§ SUPPLIED RECORDS
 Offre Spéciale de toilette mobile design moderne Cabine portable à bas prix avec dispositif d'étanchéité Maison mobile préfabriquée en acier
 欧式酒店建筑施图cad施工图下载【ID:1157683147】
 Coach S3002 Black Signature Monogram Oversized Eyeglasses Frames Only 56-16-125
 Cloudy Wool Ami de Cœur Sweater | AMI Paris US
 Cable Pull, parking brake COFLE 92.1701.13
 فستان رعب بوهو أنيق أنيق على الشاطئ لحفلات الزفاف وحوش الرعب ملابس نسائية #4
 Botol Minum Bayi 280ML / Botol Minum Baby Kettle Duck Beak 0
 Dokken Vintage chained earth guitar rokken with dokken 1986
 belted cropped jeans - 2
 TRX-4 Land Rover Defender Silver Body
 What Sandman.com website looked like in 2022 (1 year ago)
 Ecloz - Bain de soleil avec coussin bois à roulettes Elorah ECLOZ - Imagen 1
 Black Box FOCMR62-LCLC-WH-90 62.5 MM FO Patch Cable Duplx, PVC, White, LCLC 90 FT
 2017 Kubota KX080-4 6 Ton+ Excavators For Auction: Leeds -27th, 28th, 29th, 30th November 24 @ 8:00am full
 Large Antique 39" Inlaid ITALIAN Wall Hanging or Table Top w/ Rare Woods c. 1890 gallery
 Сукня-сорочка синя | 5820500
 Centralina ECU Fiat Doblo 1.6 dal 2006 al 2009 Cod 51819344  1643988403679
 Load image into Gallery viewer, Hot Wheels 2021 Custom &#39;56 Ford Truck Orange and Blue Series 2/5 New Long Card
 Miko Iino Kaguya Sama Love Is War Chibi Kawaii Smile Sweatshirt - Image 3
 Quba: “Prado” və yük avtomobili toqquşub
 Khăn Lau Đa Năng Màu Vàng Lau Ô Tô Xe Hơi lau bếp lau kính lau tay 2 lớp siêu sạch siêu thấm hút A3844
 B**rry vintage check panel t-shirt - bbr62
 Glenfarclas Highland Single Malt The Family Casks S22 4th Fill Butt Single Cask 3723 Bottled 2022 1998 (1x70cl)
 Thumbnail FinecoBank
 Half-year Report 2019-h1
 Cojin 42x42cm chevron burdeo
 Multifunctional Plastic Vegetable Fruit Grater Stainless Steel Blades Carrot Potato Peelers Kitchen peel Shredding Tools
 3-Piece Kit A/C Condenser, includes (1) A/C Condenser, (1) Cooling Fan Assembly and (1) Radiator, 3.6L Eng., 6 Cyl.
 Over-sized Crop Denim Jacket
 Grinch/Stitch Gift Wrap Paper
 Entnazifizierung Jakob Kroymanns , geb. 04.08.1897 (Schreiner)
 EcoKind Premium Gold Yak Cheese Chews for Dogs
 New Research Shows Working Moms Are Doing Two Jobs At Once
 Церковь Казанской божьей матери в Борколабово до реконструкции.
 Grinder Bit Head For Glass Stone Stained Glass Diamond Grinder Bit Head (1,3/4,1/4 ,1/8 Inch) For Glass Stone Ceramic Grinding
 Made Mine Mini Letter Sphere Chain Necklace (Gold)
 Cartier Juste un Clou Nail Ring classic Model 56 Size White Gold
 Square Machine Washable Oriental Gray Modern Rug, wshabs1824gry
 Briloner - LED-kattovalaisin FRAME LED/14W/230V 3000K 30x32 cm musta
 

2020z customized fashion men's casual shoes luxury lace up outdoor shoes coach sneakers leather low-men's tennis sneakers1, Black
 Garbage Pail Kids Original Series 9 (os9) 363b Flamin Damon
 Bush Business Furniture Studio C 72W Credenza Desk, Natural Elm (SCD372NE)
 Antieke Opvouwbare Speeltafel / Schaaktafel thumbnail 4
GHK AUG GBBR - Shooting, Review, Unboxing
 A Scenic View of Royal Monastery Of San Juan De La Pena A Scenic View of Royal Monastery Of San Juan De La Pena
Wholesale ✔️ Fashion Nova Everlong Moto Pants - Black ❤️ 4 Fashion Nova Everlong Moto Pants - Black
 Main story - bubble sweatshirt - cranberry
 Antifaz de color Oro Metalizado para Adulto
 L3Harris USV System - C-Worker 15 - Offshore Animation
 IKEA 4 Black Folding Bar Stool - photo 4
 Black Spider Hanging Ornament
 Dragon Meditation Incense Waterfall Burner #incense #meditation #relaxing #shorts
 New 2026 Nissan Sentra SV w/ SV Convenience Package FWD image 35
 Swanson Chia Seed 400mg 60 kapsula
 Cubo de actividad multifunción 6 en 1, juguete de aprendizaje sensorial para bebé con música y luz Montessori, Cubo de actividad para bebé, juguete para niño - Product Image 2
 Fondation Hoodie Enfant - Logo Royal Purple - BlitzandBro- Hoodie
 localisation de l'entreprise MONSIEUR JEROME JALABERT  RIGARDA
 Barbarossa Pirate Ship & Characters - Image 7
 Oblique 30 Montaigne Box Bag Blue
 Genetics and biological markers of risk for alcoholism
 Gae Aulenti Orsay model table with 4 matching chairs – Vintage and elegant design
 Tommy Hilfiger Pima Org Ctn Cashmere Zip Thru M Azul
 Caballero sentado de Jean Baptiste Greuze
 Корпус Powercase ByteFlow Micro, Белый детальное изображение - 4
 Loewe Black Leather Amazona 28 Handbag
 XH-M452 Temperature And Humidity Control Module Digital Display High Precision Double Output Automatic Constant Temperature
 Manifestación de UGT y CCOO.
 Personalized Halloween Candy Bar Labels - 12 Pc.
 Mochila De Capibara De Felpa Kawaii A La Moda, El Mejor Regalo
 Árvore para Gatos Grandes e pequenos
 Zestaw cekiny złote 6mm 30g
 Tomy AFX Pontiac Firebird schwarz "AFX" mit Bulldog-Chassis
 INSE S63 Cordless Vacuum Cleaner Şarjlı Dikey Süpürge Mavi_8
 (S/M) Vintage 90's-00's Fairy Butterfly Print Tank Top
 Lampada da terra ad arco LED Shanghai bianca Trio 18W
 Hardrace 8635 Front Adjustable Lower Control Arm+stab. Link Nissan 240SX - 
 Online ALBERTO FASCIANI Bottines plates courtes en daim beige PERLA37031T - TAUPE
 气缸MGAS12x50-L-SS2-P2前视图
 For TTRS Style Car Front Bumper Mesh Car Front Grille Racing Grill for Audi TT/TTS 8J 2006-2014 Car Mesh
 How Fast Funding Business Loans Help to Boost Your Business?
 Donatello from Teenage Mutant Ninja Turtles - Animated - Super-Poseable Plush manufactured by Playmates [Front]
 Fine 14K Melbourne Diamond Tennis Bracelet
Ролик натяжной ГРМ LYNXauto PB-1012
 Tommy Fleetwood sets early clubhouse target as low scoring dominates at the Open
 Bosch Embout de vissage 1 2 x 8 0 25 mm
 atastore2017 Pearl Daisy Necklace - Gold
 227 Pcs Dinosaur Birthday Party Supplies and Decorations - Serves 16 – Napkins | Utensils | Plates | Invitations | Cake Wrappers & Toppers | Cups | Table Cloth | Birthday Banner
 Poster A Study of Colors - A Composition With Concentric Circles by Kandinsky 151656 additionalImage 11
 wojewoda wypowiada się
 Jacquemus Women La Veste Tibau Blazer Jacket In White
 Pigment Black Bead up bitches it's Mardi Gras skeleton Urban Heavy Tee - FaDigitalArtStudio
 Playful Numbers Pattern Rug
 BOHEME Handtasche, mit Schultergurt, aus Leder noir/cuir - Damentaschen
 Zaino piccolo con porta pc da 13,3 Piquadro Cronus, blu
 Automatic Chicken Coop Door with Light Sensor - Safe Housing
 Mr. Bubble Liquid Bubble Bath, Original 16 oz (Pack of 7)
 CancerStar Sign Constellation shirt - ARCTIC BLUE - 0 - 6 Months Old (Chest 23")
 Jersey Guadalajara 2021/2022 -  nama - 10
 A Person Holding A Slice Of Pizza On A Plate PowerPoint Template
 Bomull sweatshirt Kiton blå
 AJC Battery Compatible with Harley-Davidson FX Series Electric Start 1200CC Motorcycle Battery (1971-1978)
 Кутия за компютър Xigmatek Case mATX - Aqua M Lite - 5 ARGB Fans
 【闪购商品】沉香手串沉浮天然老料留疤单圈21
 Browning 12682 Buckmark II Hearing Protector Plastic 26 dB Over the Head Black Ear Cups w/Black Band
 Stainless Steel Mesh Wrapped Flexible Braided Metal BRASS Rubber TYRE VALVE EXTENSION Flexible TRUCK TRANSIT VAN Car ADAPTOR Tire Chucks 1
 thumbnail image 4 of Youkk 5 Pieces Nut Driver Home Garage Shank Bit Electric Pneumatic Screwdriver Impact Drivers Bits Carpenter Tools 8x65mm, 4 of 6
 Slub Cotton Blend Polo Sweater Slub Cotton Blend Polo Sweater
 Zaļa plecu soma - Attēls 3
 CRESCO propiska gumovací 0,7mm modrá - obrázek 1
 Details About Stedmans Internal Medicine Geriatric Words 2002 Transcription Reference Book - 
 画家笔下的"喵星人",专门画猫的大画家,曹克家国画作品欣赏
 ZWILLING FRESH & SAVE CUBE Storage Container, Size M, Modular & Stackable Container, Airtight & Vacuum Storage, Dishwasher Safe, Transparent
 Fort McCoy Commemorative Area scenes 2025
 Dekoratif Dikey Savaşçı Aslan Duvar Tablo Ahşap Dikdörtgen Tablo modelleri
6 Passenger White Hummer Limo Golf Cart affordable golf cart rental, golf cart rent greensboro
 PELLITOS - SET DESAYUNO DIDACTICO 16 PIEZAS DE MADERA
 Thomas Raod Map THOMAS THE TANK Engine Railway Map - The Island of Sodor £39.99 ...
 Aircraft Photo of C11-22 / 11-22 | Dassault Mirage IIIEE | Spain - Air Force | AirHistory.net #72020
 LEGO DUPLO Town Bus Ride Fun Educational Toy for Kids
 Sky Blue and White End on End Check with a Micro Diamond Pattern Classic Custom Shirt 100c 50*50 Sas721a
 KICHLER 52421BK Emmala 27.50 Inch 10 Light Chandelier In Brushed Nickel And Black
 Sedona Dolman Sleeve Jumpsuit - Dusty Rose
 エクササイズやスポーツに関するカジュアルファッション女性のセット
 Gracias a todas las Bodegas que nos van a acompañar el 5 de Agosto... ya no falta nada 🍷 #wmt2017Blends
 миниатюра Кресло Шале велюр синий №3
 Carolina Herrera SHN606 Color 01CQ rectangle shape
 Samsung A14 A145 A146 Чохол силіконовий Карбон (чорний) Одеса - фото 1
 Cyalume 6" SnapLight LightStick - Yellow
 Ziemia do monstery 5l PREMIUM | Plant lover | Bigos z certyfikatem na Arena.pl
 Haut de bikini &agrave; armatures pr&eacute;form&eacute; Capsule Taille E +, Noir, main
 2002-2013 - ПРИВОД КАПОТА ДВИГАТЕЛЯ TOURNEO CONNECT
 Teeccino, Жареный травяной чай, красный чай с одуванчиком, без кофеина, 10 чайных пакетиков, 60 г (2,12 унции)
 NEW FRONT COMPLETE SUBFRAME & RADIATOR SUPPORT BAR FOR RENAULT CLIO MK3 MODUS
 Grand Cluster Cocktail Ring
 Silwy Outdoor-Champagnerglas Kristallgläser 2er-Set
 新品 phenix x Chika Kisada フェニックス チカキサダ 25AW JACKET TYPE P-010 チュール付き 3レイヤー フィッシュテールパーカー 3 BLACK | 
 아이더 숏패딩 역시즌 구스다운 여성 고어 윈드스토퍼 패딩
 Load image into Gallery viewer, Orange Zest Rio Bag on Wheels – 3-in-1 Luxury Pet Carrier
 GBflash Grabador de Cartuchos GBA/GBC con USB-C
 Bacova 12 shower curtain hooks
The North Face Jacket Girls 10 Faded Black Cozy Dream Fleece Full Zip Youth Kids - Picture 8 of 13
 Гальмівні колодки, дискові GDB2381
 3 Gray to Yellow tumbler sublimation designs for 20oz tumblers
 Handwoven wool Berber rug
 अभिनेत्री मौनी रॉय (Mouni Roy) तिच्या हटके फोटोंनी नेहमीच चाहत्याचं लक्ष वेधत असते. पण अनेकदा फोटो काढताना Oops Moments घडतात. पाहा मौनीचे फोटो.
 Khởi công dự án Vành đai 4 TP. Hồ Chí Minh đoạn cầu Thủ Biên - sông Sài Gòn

§ WORK REQUEST
Everything in the material above from the line that has "CRESCO propiska gumovací" through the line that has "Dekoratif Dikey Savaşçı" must be duplicated exactly, with no other lines given.

§ OUTPUT OF THE TASK
 CRESCO propiska gumovací 0,7mm modrá - obrázek 1
 Details About Stedmans Internal Medicine Geriatric Words 2002 Transcription Reference Book - 
 画家笔下的"喵星人",专门画猫的大画家,曹克家国画作品欣赏
 ZWILLING FRESH & SAVE CUBE Storage Container, Size M, Modular & Stackable Container, Airtight & Vacuum Storage, Dishwasher Safe, Transparent
 Fort McCoy Commemorative Area scenes 2025
 Dekoratif Dikey Savaşçı Aslan Duvar Tablo Ahşap Dikdörtgen Tablo modelleri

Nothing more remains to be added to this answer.